Stressed for more investment in agriculture

Experts argue that it is high time to expedite regional cooperation in South Asia

March 13, 2014, 5:45 p.m. Published in Magazine Issue: Vol: 07 No. -17 Mar. 07- 2014 (Falgun 23, 2070)

Experts from various South Asian countries underlined the need for regional cooperation to expedite trade, address climate change concerns and overcome food insecurity.

Speaking at a two-day seminar on Regional cooperation on trade, climate change and food security in South Asia: Some reflections and way forwardorganized by South Asia Watch on Trade, Economics and Environment (SAWTEE) in the capital on Thursday, speakers and participants stressed that all South Asian countries should work in tandem to increase intra-regional trade, and fight widespread poverty that has been a perennial problem for all South Asian nations.

Addressing the inaugural session of the seminar, Shanker Das Bairagi, Officiating Secretary, Ministry of Foreign Affairs, Government of Nepal, highlighted the need to promote more investment in agriculture to address food insecurity.

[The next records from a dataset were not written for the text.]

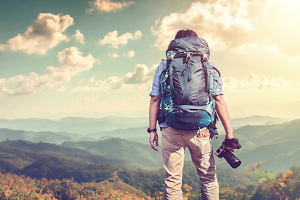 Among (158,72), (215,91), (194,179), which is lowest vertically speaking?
(194,179)

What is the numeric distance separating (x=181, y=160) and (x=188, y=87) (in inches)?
46.1

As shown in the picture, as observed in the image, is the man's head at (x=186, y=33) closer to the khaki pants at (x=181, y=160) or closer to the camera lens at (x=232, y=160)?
the khaki pants at (x=181, y=160)

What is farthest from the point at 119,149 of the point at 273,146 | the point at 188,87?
the point at 188,87

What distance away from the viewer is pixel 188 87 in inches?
97.1

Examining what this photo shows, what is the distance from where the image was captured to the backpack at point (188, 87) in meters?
2.48

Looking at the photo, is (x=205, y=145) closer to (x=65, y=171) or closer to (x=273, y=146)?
(x=65, y=171)

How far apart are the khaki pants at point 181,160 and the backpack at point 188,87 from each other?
0.59 ft

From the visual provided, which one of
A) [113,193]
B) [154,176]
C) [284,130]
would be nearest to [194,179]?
[154,176]

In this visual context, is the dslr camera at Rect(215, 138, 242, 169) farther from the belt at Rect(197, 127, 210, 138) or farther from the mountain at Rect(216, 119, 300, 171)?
the mountain at Rect(216, 119, 300, 171)

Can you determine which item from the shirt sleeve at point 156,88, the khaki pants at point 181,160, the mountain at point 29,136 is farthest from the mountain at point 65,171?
the mountain at point 29,136

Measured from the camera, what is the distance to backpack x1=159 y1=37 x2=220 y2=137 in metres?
2.48

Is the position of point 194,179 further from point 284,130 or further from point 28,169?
point 284,130

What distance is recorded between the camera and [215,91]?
9.00 feet

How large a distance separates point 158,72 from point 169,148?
1.24 m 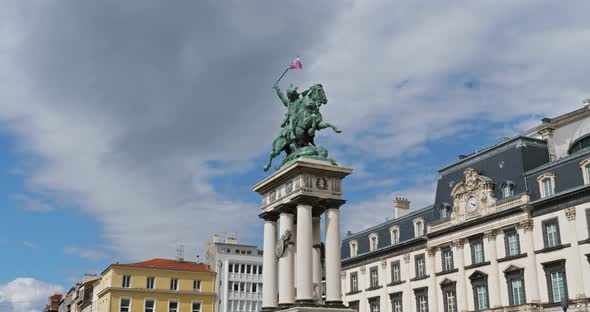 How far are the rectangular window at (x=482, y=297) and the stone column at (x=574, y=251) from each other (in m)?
8.82

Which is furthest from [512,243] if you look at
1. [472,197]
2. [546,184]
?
[472,197]

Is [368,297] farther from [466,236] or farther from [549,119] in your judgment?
[549,119]

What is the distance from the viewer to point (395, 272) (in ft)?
224

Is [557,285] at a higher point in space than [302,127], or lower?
lower

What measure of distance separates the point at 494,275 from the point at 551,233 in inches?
244

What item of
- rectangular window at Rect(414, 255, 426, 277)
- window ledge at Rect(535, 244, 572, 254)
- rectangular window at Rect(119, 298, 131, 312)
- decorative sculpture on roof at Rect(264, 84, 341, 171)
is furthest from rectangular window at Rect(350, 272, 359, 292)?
decorative sculpture on roof at Rect(264, 84, 341, 171)

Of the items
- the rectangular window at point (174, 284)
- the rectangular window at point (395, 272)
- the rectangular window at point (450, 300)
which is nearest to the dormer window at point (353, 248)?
the rectangular window at point (395, 272)

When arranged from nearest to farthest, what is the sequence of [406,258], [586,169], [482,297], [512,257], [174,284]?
[586,169], [512,257], [482,297], [406,258], [174,284]

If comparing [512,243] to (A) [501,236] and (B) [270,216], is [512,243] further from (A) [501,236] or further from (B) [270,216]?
(B) [270,216]

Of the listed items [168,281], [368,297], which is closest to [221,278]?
[168,281]

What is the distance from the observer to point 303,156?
90.6 ft

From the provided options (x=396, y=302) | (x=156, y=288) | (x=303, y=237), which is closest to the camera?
(x=303, y=237)

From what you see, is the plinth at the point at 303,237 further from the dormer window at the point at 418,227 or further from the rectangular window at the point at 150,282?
the rectangular window at the point at 150,282

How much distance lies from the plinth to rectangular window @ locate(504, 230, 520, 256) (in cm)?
3109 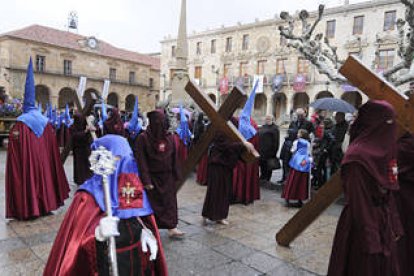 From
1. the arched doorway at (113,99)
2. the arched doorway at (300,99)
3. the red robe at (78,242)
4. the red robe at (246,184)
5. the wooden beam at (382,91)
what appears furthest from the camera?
the arched doorway at (113,99)

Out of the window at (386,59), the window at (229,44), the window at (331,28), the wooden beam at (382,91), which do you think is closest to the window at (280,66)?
the window at (331,28)

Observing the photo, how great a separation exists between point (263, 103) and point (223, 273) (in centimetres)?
3374

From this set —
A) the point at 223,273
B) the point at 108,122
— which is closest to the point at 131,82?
the point at 108,122

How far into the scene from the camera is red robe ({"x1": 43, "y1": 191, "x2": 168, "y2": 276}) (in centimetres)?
190

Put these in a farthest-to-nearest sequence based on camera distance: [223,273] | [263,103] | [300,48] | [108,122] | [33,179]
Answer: [263,103] < [300,48] < [108,122] < [33,179] < [223,273]

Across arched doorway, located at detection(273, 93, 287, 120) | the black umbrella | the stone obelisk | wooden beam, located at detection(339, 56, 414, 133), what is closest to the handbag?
the black umbrella

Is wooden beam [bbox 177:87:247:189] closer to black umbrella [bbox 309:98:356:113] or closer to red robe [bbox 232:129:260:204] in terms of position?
red robe [bbox 232:129:260:204]

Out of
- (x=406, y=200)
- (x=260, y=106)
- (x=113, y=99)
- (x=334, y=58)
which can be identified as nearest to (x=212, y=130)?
(x=406, y=200)

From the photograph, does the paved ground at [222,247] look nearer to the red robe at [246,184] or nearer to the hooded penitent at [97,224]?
the red robe at [246,184]

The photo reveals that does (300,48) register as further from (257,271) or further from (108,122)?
(257,271)

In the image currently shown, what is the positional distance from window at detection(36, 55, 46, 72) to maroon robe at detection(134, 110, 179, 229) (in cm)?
3459

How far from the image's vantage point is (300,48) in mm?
9477

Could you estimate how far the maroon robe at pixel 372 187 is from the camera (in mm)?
2021

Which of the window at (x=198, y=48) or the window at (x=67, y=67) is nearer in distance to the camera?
the window at (x=67, y=67) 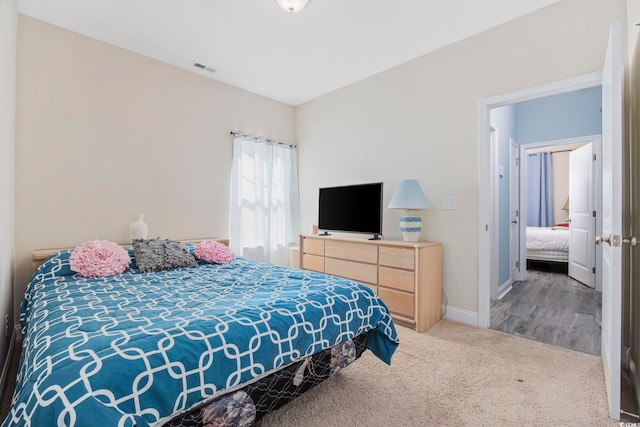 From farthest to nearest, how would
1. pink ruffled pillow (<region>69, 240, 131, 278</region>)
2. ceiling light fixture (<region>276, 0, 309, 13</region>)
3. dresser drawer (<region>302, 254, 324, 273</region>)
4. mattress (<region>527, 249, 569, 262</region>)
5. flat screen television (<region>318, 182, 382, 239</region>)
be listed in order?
mattress (<region>527, 249, 569, 262</region>) < dresser drawer (<region>302, 254, 324, 273</region>) < flat screen television (<region>318, 182, 382, 239</region>) < ceiling light fixture (<region>276, 0, 309, 13</region>) < pink ruffled pillow (<region>69, 240, 131, 278</region>)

He also stressed that SAFTA should expedite work to address non-tariff barriers (NTBs) for significant progress has already been made in reducing tariffs and eliminating quantitatives restrictions. Bairagi urged the particpants to provide informed inputs to strengthen regional cooperation in South Asia, which will be taken by the 18th SAARC Summit to be held in Kathmandu in November.

Dr. Dinesh Bhattarai, Advisor to the Prime Minister, reiterated that increasing intra-regional trade is essential to accelerate economic growth in South Asia. He highlighted that given South Asia's vulnerability to climate change impacts, well coordinated efforts at national, regional and global levels are necessary. He stressed on the need to make agriculture employment decent in the region. Additionally, Dr. Bhattarai pointed out that inclusive collaboration between governments, private sector and relevant stakeholders is key to effectively address trade, climate change and food security concerns in the region.

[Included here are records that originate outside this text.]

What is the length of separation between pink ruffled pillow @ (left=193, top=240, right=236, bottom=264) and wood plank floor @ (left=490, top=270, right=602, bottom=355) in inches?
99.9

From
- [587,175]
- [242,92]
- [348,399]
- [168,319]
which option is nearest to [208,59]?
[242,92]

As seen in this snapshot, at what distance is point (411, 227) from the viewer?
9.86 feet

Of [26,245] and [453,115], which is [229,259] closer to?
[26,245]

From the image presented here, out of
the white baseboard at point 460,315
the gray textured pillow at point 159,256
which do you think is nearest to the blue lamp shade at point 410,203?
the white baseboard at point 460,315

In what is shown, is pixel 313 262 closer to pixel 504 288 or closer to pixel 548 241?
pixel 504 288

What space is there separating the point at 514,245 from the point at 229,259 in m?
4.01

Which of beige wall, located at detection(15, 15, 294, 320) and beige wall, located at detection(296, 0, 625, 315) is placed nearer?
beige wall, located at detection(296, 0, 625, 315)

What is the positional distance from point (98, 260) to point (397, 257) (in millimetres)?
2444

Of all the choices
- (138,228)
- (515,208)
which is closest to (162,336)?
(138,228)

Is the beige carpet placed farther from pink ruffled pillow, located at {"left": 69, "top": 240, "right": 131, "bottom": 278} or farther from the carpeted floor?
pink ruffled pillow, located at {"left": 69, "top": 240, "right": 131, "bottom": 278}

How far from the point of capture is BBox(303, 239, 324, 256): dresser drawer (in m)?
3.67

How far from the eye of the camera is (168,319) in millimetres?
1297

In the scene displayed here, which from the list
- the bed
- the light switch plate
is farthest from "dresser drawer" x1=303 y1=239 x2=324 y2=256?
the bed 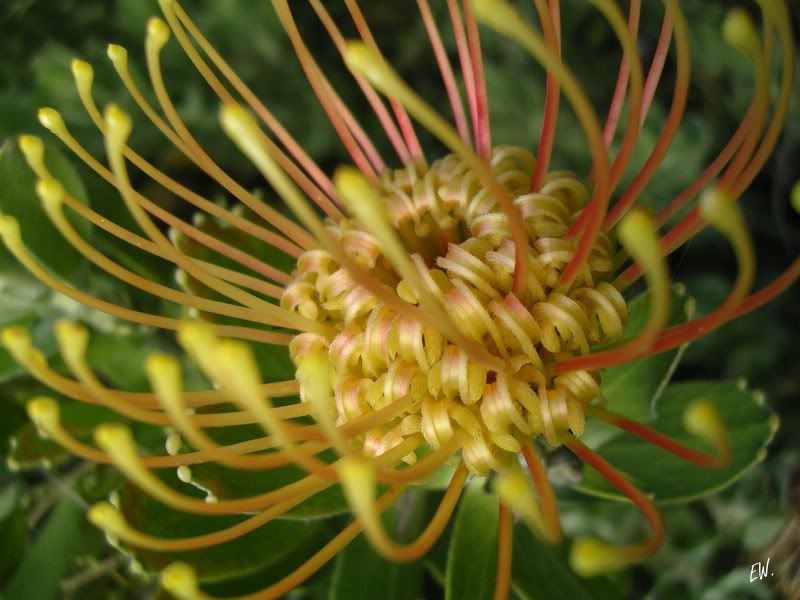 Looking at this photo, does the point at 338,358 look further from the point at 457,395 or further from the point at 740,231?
the point at 740,231

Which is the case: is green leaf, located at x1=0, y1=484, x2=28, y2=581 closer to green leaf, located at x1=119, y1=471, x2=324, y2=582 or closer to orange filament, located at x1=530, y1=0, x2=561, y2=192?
green leaf, located at x1=119, y1=471, x2=324, y2=582

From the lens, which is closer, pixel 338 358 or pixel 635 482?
pixel 338 358

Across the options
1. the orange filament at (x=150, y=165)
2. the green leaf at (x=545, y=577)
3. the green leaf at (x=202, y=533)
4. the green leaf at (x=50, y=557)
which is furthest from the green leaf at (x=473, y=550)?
the green leaf at (x=50, y=557)

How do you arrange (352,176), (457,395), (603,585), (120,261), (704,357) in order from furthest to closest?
1. (704,357)
2. (120,261)
3. (603,585)
4. (457,395)
5. (352,176)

As the Chair of the session, Dr. Posh Raj Pandey, Executive Chairman, SAWTEE, appreciated the positive developments that have taken place in South Asia over the past few years, mainly in terms of increasing economic growth and reducing poverty. However, true potential of regional cooperation is yet to be realized. Also, making a presentation on the Ninth WTO Ministerial Decision on Food Security, he argued that public stockholding of food for food security purpose might not be helpful to stabilize prices as envisaged, and therefore, called for regional cooperation by prohibiting export bans, coordinating price and trade policies, enhancing cooperation in the area of agricultural research, and increasing investment in agriculture, among others.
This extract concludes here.